Insulation acts as a barrier to heat flow and is essential to keep your home warm in winter and cool in summer. A well insulated and well designed home will provide year-round comfort, cutting cooling and heating bills by up to half. This, in turn, will reduce greenhouse gas emissions.

Climatic conditions will influence the appropriate level and type of insulation. Establish whether the insulation will be predominantly needed to keep heat out or in (or both). Insulation must cater for seasonal as well as daily variations in temperature, see ‘Insulation levels for your Climate’.

Illustration of typical heat gains and losses in a temperate climate - Click to enlarge
Typical heat gains and losses in a temperate climate.
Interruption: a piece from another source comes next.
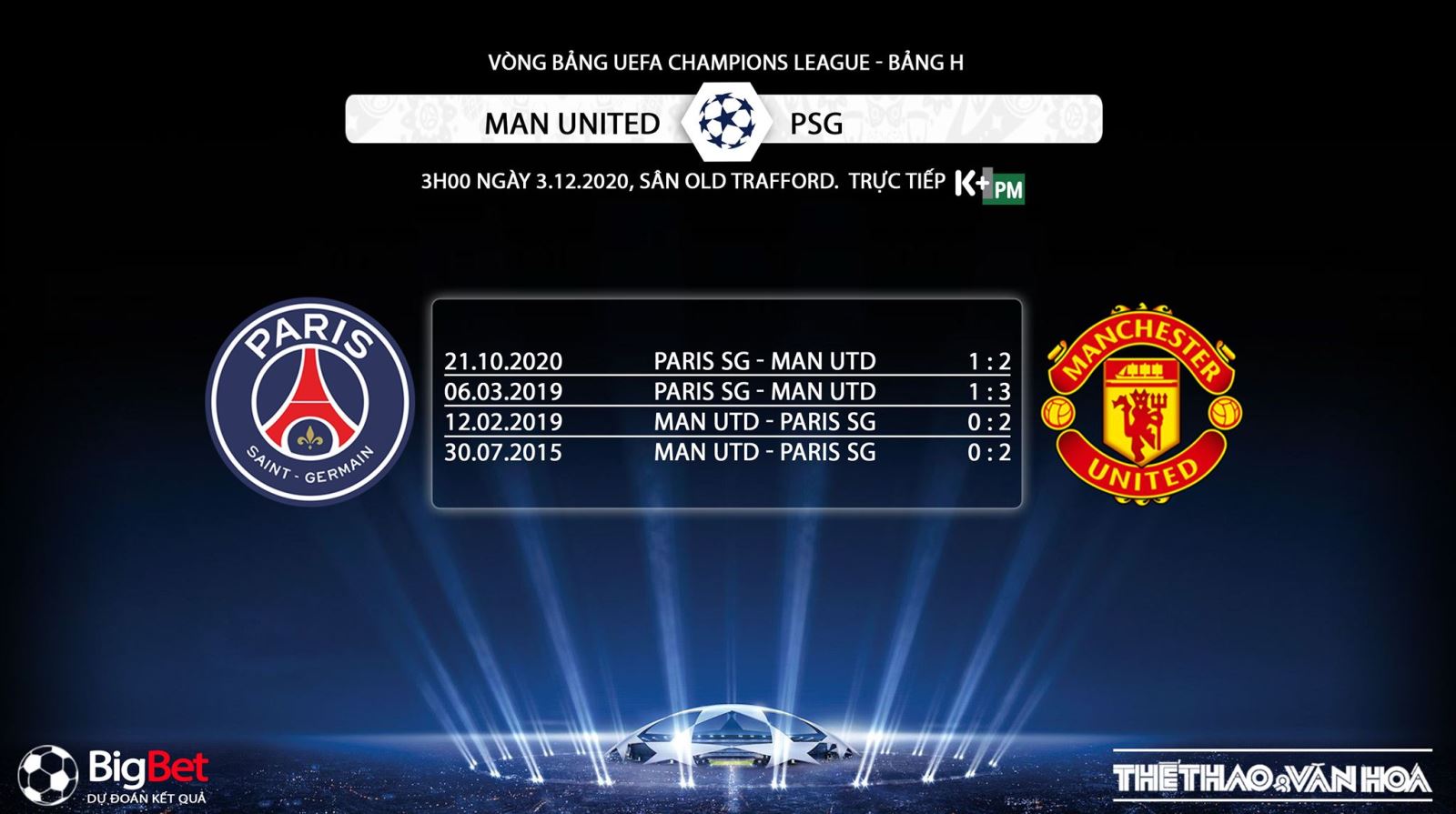 Keo nha cai, kèo nhà cái, K+PM, truc tiep bong da, trực tiếp MU đấu với PSG, trực tiếp bóng đá hôm nay, soi kèo MU đấu với PSG, kèo MU, keo bong da, truc tiep MU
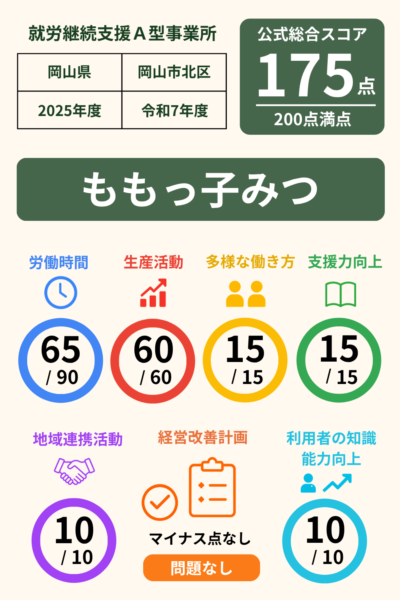 ももっ子みつ｜就労継続支援A型事業所｜スコア表｜2025年度(令和7年度)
Passive design techniques should be used in conjunction with insulation. For example, if insulation is installed but the house is not properly shaded, built up heat can be kept in by the insulation creating an ‘oven’ effect. Draught sealing is important, as draughts can account for up to 25 per cent of heat loss from a home in winter.
[See: 4.5 Passive Solar Heating; 4.6 Passive Cooling]

Insulation can assist with weatherproofing and eliminate moisture problems such as condensation. Some types of insulation also have soundproofing qualities.

The most economical time to install insulation is during construction. For information on retro-fitting insulation, see ‘Adding insulation to existing buildings’.

There is little insulating value in most common construction materials, but there are some exceptions where little or no additional insulation may be required. Suitable materials include aerated concrete blocks, hollow expanded polystyrene blocks, straw bales and rendered extruded polystyrene sheets. Check with your local building information centre for more details.

Choosing Insulation

Insulation products come in two main categories – bulk and reflective. These are sometimes combined into a composite material. There are many different products available, see ‘Insulation types and their applications’ for further information.

To compare the insulating ability of the products available look at their R-value, which measures resistance to heat flow. The higher the R-value the higher the level of insulation. Products with the same R-value will provide the same insulating performance if installed as specified.

Graph of insulation in Australian homes (2008)
Insulation in Australian homes (2008)

Source: Australian Bureau of Statistics, 2008.

Check the information supplied on the product, including the R-value, the price per square metre and whether it must be installed professionally or can be DIY – some types of insulation require the use of masks and protective clothing. Ensure that it suits your particular application and will fit within the space available. Ask if performance guarantees or test certificates are available.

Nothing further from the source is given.